I’ve never read this one before, and I’ve kind of been dreading it. Teen/pre-teen literature has a very hit or miss history with the subject of depression. Most of the books either come across as preachy, and/or feature someone who attempts suicide and is saved at the last second. (As much as I love the California Diaries, they fell straight* into that trap.)
*No Ducky-is-gay pun intended, y’all.
Stacey notes that Robert’s been depressed for months and doesn’t seem to be getting any better. He hits every stereotype for depression, from pushing away friends to giving up previously loved activities. Stacey tries to fix him but finds she’s just dragging her own emotions down. Finally, she asks an adult for help, and gets told that she can’t handle Robert’s problems on her own. She urges him to seek help himself, and he does.
Interesting Tidbits
The cover. Robert looks like he’s about twenty. Also, I know depression is hard to draw, so to speak, but his emotionless, blank stare isn’t too terrible at expressing it.

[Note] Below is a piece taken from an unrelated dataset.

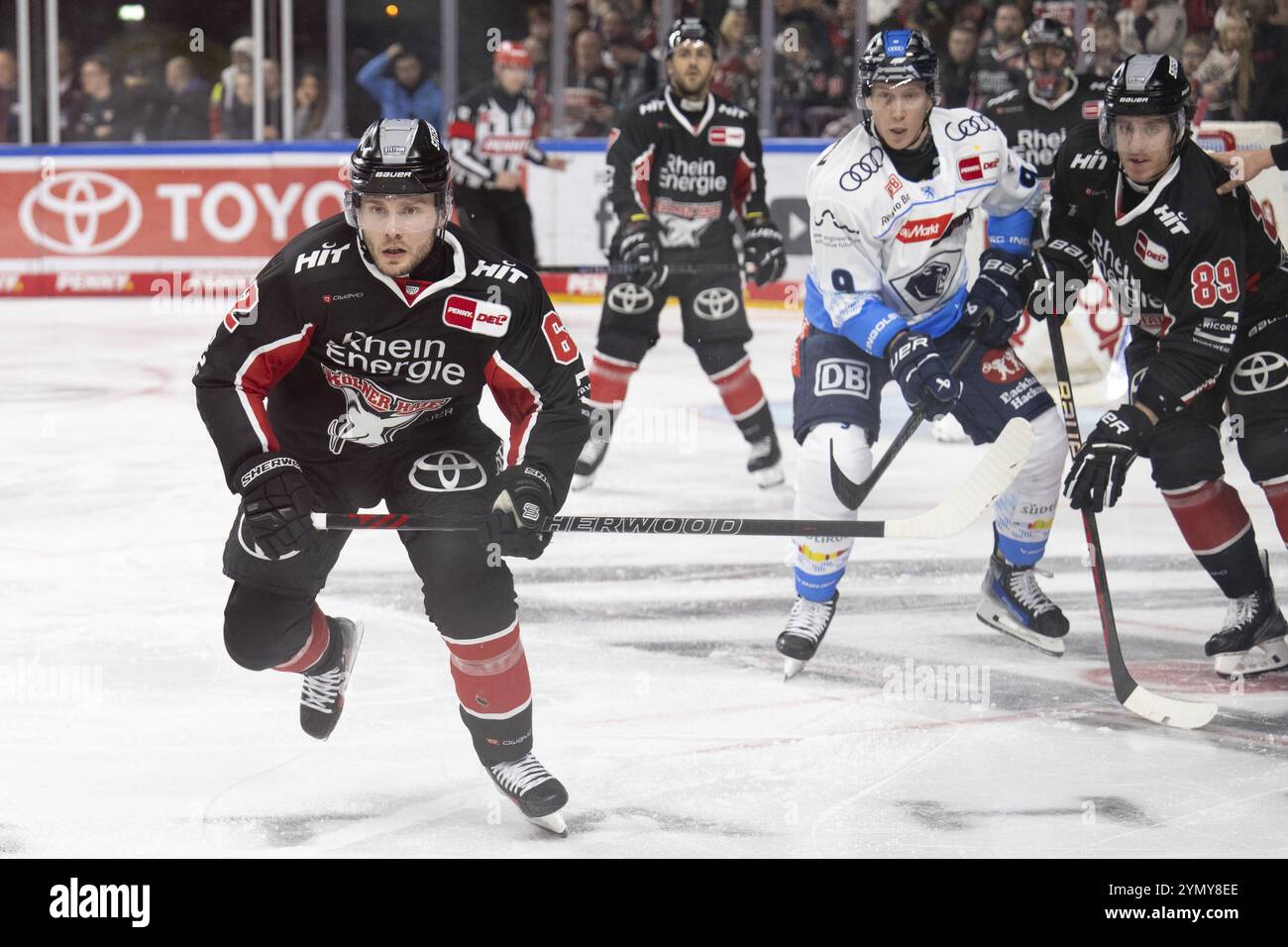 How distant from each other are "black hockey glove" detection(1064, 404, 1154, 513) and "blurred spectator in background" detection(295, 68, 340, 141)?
7824 millimetres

I know I sorta made fun of the foreshadowing of this book in M#33, but I’m actually glad they did that. It allows Stacey a chance to point out that Robert has been down, out of sorts, and bored for at least three months at this point. (They keep describing him as being ‘bummed,’ which is making me picture Robert as a surfer for some reason.)
Claudia’s outfit is so bad, I have no words.
Stacey’s shocked when Claudia suggests Robert could be using drugs. I know from an article I recently read that AMM wanted the series to be more edgy but the publishers wouldn’t allow it. (She said she wanted all the BSC members to have a secret—MA’s mom was dead, Kristy’s dad took off, etc.—and she wanted Stacey’s dad to be in prison for embezzlement. When that was denied, she gave Stacey diabetes instead.) I think this is the closest that the BSC comes to someone having a drug problem in the series. There’s #87, where the ‘bad girls’ are drinking, and #74, where some of Kristy’s teammates smoke, but nobody tries pot that I can recall, or any other drugs.
When Robert says that he doesn’t see the point of everything, Stacey tries to force him. Because, you know, that works so well. He says life’s just the same old, same old. Be glad you figured that out at thirteen, kid. At the time, the baseball team (starring both Logan and Robert) is gearing up for ‘the big game,’ and Robert quits just days before the game. If that’s not a giant warning sign, I don’t know what is.
Seriously…Mr. and Mrs. Pike drop five of their kids—everyone but the triplets—plus all three Ramsey kids off at the strawberry picking place. They give Mal twenty dollars, but make no other instructions to the children (except, don’t eat too many…which Claire ignores. She throws up on Mal’s shoes.) It would have made more sense to find out approximately how much a ‘little green basket’ of berries costs and then tell them how many baskets they can pick. Instead, the kids go overboard, challenging each other over who’s going to pick the most, and throwing berries around. They end up picking thirty dollars in berries and needing extra money. No adult ever comments on the fact that Claire was eating as she’s picking or that the others are wasting berries, and you know they didn’t pay for the thrown/eaten berries.
I like how insightful about people this book makes Claudia. As an artist, she’s naturally observant about the world around her. She points out how Robert is trying to alienate Stacey like he has all his other friends. Stacey hadn’t even realized that Robert didn’t talk to anyone else anymore.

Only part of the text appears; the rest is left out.